One other place I'd push back against MacDonald: His overarching thesis that preaching that aims at entertainment is really what Christians want. He may be right in a certain way, in that people generally want to be entertained the same way I want to always have that extra piece of chocolate cake and the way I want to live in a mansion, have a bank account with millions of dollars in it, and read novels out by the pool for the rest of my life. All of us have souls that are curved in upon themselves, which cause us to mistake sinful desire for true happiness.
But my experience of preaching is different than MacDonald's. I don't preach to entertain, and I rarely tell funny stories. I approach the preaching task with the assumption that the Word of God has something infiinitely better to say to the congregation than anything I could come up with, and hence that my charge is to present that Word to the best of my ability and help God's people see how it is a Word for us. The gospel doesn't want to bless the worldly lives and lifestyles we live apart from the redemption and reconciliation we receive in Christ, and that means preaching must always contain real judgment for the whole community of faith (though judgment that points toward repentance, forgiveness, and healing).

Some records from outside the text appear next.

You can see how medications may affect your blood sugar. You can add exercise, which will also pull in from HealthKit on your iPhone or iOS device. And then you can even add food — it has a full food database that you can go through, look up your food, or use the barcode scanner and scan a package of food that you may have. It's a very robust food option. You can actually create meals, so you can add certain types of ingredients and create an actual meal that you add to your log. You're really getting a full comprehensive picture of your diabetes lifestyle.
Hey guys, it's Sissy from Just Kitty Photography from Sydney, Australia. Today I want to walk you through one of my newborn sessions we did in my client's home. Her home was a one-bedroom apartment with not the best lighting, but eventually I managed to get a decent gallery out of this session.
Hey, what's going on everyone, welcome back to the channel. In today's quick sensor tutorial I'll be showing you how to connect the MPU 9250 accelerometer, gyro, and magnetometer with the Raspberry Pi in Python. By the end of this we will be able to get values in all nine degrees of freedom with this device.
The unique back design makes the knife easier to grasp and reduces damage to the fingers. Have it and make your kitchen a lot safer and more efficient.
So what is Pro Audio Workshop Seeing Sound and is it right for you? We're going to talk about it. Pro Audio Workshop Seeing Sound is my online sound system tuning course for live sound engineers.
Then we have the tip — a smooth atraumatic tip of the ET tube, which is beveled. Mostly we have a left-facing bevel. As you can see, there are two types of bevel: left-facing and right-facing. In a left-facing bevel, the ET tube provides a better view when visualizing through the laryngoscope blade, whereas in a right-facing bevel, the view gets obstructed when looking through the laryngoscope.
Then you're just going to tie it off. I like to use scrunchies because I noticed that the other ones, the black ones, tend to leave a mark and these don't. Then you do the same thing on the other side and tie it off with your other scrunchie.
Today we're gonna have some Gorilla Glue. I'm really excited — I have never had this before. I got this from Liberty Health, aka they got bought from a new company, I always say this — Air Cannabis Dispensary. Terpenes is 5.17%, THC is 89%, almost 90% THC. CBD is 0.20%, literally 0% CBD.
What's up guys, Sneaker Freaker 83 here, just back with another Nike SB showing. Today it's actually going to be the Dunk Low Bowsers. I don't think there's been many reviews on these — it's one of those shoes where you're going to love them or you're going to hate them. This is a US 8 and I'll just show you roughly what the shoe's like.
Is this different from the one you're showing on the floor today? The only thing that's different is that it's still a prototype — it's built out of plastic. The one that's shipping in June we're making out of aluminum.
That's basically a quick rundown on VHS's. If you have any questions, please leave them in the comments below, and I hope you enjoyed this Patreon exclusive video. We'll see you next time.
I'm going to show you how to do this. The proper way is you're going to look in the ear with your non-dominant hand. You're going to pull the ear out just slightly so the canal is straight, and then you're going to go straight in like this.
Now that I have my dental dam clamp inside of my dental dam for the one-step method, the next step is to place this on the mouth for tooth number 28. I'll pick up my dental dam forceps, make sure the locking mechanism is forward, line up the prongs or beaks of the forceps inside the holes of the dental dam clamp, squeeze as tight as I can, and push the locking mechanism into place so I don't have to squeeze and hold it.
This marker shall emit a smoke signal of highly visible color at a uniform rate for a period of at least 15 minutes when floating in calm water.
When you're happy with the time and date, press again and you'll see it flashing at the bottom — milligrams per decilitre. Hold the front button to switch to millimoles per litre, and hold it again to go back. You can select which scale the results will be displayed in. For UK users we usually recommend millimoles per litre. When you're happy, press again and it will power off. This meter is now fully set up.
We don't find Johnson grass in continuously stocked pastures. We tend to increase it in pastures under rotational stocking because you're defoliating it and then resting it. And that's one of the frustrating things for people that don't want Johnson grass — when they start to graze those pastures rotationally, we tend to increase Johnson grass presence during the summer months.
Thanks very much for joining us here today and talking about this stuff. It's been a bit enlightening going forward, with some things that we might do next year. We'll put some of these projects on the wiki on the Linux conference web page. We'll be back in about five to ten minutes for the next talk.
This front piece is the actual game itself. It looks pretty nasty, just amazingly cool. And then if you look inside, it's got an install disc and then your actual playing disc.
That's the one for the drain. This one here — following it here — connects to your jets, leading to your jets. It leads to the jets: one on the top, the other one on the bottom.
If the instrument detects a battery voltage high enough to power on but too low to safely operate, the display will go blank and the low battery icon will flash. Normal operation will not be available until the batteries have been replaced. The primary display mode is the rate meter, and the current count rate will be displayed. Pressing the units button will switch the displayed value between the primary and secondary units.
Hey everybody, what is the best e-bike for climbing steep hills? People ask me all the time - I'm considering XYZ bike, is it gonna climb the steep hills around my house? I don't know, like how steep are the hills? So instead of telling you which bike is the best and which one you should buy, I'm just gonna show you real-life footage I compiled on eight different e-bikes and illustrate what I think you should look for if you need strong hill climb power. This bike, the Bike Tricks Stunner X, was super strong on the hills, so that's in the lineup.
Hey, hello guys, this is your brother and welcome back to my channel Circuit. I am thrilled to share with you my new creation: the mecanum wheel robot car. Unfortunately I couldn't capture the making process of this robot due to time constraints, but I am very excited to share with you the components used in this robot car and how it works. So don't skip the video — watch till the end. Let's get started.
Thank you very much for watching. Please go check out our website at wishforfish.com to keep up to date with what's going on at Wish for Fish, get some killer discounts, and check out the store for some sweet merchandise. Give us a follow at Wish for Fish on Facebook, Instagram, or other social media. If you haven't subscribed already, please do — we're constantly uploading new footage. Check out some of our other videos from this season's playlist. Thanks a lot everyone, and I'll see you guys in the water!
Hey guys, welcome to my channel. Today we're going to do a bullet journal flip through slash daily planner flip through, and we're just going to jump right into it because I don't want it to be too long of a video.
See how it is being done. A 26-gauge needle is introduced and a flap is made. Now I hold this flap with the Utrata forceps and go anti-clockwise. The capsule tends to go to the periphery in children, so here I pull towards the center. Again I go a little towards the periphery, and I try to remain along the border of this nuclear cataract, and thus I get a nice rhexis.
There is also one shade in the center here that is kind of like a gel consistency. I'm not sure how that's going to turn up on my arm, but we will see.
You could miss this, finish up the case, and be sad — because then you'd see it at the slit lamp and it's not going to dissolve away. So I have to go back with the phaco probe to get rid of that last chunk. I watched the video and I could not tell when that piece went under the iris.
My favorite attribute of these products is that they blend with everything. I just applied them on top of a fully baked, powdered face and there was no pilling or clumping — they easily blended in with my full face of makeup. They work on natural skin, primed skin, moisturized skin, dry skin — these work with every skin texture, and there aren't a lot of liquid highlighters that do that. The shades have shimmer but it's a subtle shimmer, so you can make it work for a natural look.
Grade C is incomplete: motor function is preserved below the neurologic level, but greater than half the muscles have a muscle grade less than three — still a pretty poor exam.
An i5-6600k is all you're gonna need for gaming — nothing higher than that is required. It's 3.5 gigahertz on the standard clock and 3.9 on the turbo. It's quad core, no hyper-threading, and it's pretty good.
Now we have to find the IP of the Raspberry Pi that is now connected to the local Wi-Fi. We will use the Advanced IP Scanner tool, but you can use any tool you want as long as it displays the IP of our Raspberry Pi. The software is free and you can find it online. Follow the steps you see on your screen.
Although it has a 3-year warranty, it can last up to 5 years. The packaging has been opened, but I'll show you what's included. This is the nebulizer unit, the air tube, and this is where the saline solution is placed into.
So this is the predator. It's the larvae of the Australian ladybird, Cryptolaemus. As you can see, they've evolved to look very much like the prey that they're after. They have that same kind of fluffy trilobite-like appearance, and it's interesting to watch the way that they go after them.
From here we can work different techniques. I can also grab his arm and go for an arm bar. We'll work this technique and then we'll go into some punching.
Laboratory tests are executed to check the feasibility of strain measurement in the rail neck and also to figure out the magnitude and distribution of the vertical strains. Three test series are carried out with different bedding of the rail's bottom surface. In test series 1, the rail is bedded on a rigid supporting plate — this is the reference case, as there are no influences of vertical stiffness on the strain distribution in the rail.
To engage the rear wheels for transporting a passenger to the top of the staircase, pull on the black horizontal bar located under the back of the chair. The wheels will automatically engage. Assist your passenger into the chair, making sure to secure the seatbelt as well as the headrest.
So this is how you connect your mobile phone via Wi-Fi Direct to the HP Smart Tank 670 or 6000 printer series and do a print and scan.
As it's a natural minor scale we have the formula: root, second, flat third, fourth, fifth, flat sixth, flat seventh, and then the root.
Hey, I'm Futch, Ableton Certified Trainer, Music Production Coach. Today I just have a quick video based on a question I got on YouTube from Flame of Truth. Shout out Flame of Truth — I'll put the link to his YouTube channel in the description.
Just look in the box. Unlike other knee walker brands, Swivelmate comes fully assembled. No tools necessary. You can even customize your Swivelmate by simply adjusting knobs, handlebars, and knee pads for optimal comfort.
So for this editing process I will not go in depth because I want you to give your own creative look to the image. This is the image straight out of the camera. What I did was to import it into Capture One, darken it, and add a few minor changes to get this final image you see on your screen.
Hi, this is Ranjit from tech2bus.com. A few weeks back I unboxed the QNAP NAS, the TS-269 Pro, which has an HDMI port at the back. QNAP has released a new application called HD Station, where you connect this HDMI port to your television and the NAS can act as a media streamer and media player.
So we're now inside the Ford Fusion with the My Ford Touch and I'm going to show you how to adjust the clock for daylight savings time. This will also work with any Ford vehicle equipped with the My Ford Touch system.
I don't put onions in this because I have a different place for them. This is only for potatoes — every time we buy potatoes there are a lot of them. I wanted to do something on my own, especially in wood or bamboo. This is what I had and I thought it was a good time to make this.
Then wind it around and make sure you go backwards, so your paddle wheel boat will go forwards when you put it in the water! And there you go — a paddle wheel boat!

I've even found that the more I preach in this way, the more the congregation that is present seems to respond in such a way that it seems as if the Holy Spirit is really doing something with all of us. I think Christians generally want to hear the unabashed Word of God proclaimed, because they know that it is a life giving Word that offers them something no amount of shallow self-help message could ever match. If anything, the root problem with much preaching today is that it allows itself to get carried along by cultural expectations. For a preacher willing to preach "costly grace" (to use Bonhoeffer's phrase), the result is often a congregation quickened by the activity of the Spirit.
Of course, I might be wrong. Both about my preaching and the earnest desires of churchgoing Christians. If you've got opinions, I'd love to hear them.